__Work required__.
What you return must match the data exactly, line for line.

__Dataset records__.
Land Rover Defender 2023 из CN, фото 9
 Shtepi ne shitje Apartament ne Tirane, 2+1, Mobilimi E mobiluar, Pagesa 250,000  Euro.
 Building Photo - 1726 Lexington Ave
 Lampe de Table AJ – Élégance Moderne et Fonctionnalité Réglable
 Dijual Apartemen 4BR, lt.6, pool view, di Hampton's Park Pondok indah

__Solution for this problem__.
Land Rover Defender 2023 из CN, фото 9
 Shtepi ne shitje Apartament ne Tirane, 2+1, Mobilimi E mobiluar, Pagesa 250,000  Euro.
 Building Photo - 1726 Lexington Ave
 Lampe de Table AJ – Élégance Moderne et Fonctionnalité Réglable
 Dijual Apartemen 4BR, lt.6, pool view, di Hampton's Park Pondok indah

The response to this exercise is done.